──────── Data to process ────────
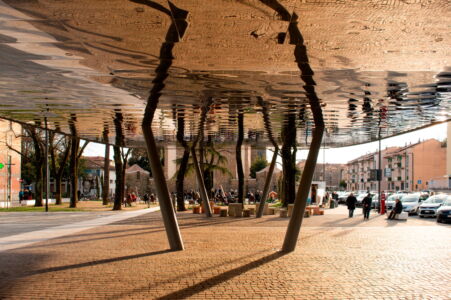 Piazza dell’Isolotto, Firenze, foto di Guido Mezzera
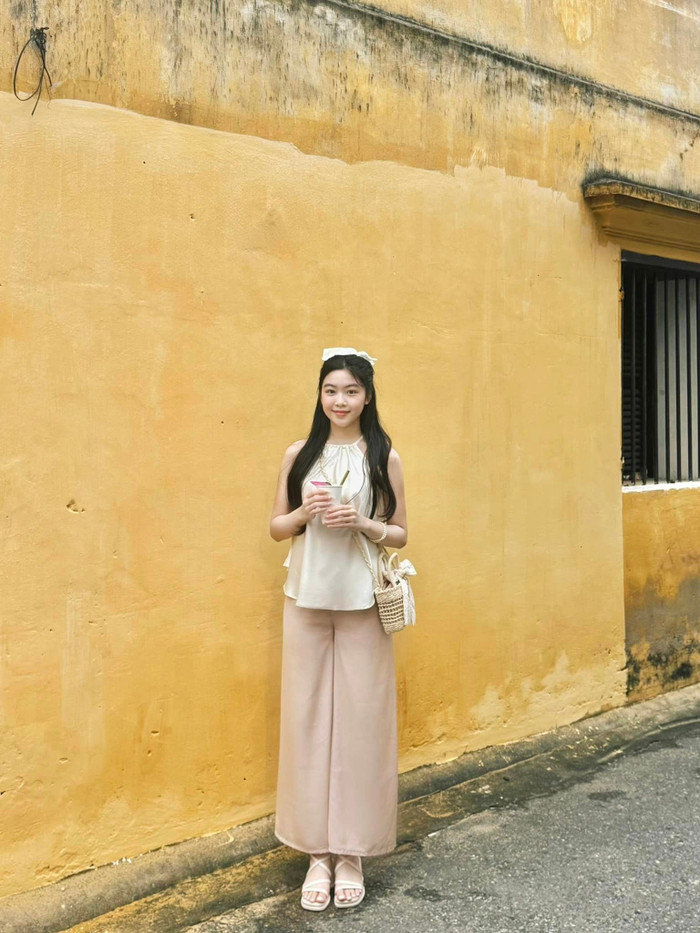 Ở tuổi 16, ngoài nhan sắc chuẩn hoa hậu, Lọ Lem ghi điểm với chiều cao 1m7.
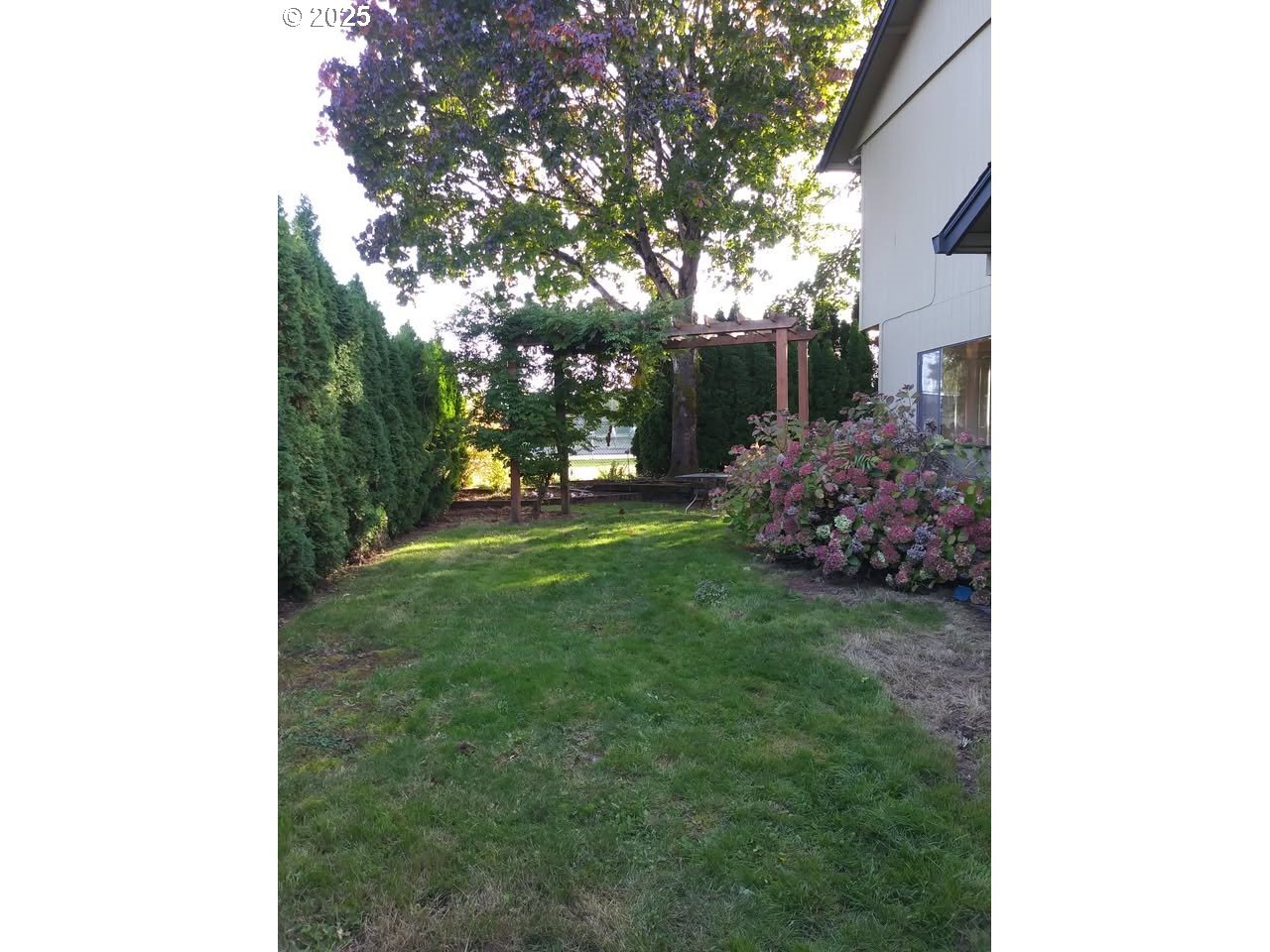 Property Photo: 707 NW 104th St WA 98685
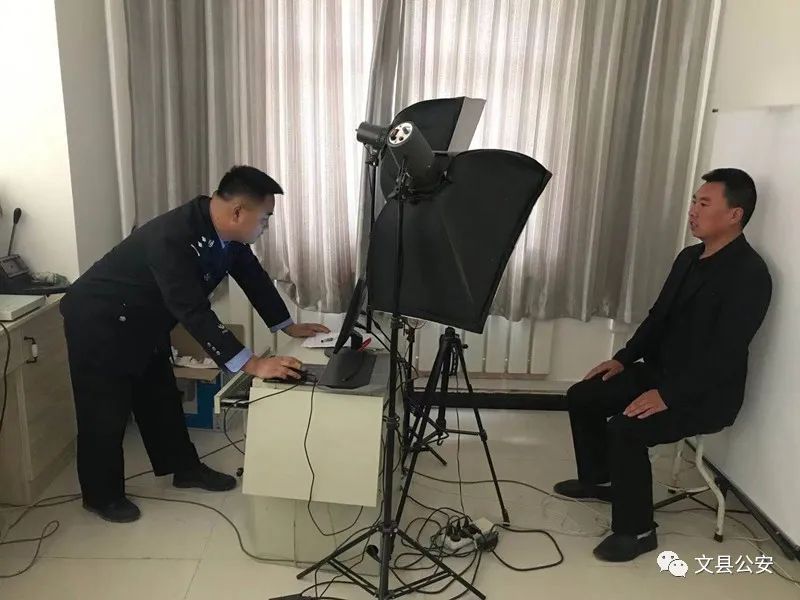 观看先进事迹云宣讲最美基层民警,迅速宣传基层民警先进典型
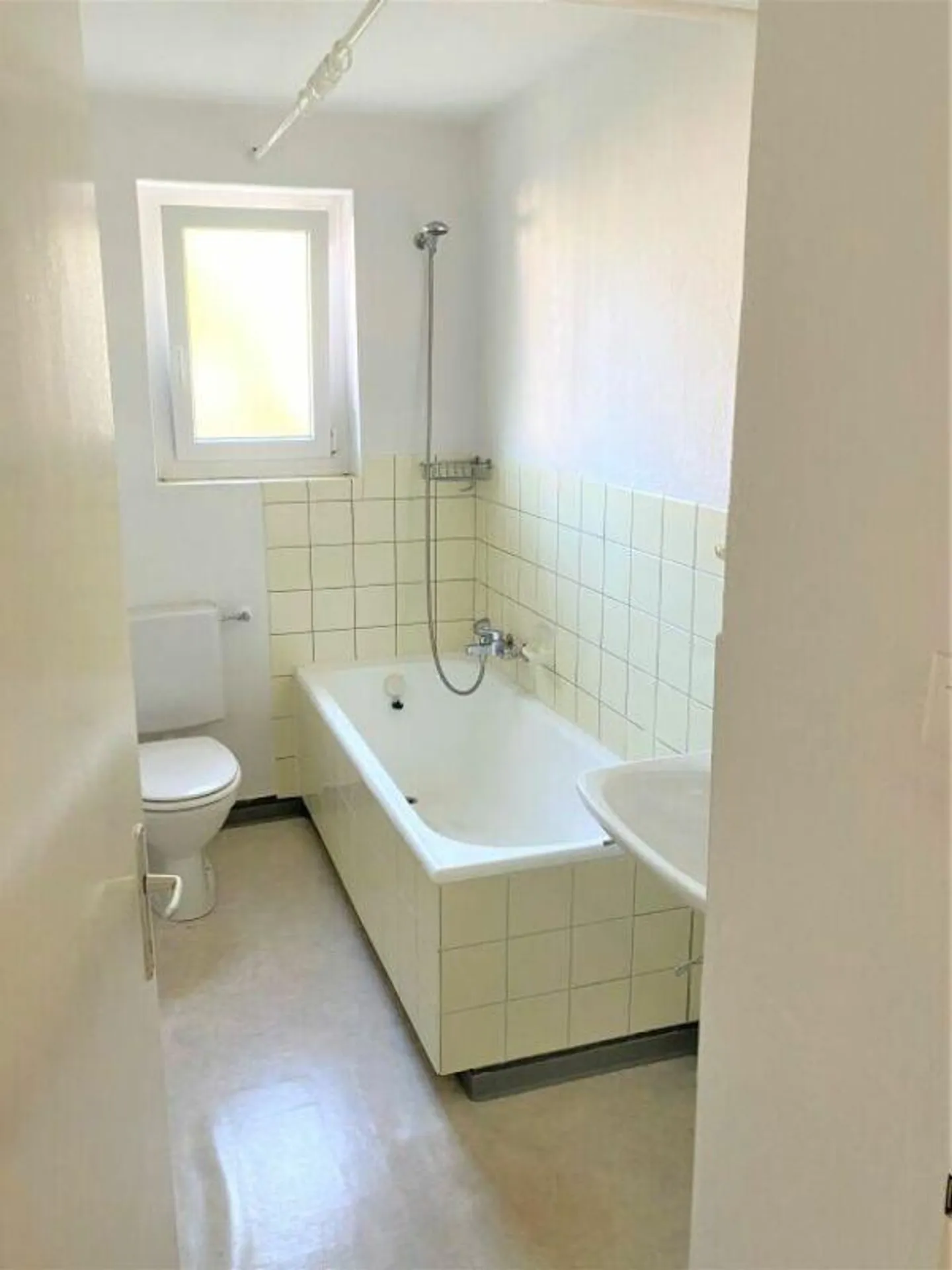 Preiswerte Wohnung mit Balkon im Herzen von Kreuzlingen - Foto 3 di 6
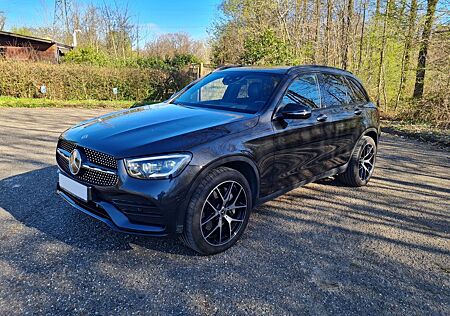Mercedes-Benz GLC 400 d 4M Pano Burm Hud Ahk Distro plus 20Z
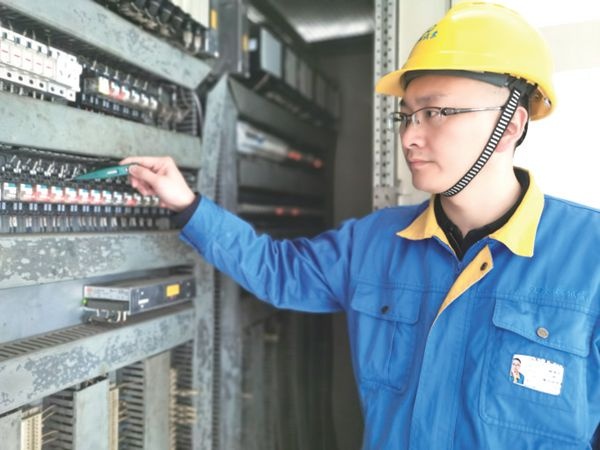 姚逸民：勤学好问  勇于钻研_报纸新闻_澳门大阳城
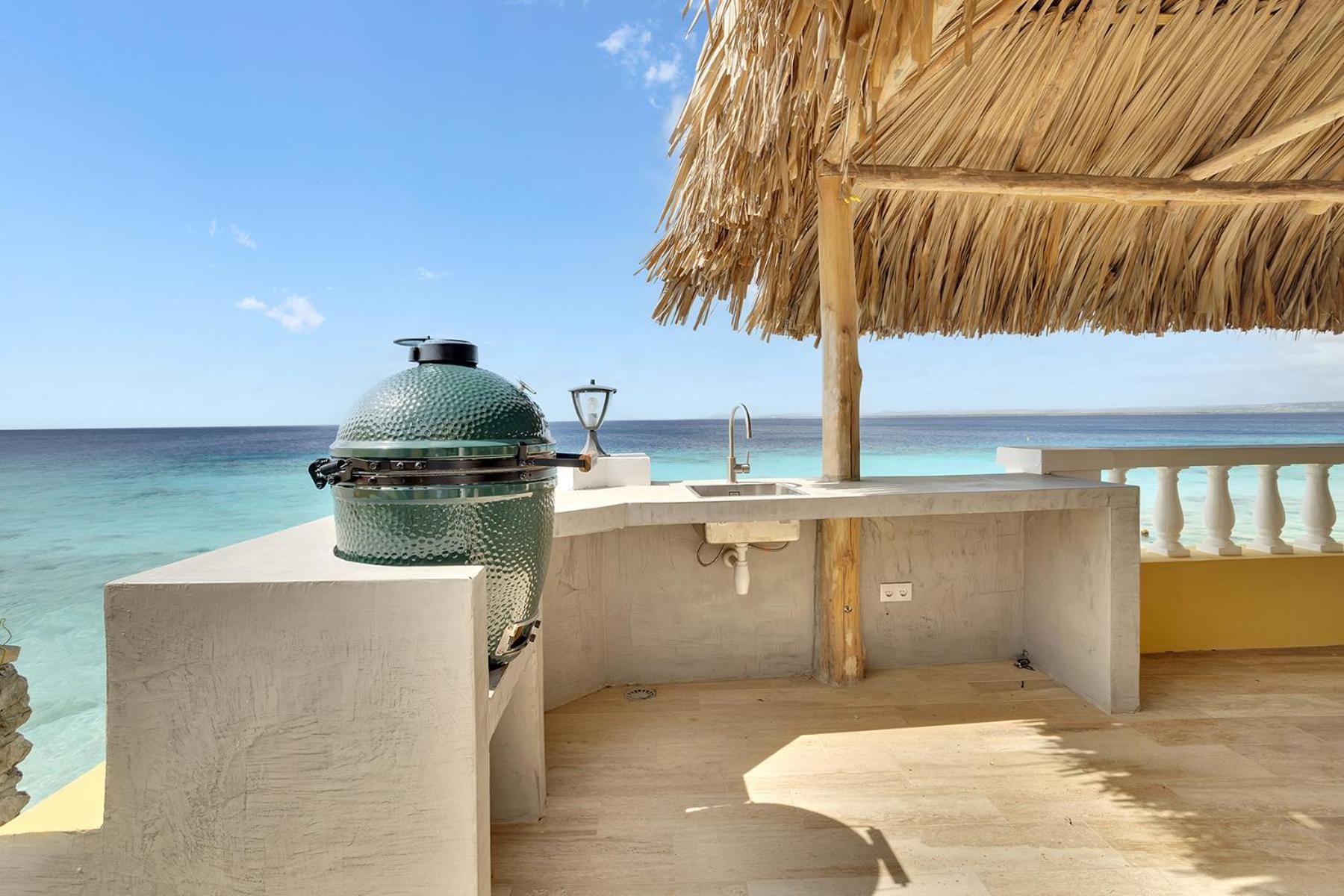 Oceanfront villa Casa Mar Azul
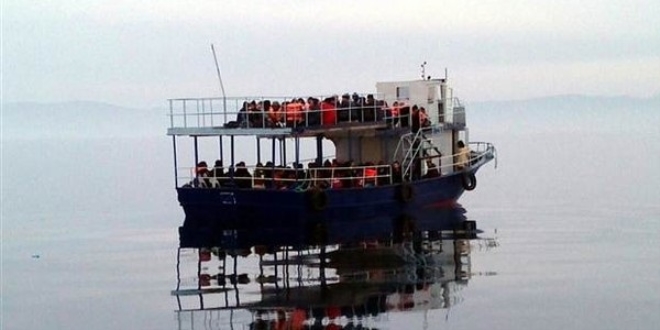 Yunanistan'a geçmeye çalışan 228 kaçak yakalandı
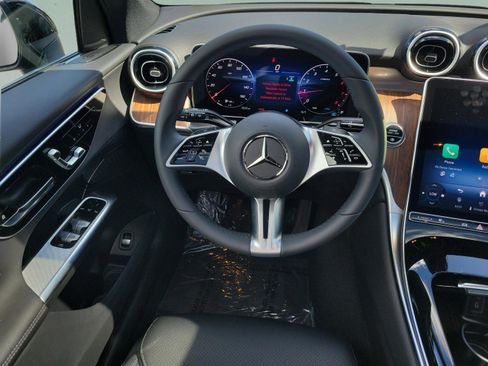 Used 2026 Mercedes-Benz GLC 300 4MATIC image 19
────────
## What this task involves
Leaving the pictures aside, transcribe the entire listing exactly.

## Expected output
 Piazza dell’Isolotto, Firenze, foto di Guido Mezzera
 Ở tuổi 16, ngoài nhan sắc chuẩn hoa hậu, Lọ Lem ghi điểm với chiều cao 1m7.
 Property Photo: 707 NW 104th St WA 98685
 观看先进事迹云宣讲最美基层民警,迅速宣传基层民警先进典型
 Preiswerte Wohnung mit Balkon im Herzen von Kreuzlingen - Foto 3 di 6
Mercedes-Benz GLC 400 d 4M Pano Burm Hud Ahk Distro plus 20Z
 姚逸民：勤学好问  勇于钻研_报纸新闻_澳门大阳城
 Oceanfront villa Casa Mar Azul
 Yunanistan'a geçmeye çalışan 228 kaçak yakalandı
 Used 2026 Mercedes-Benz GLC 300 4MATIC image 19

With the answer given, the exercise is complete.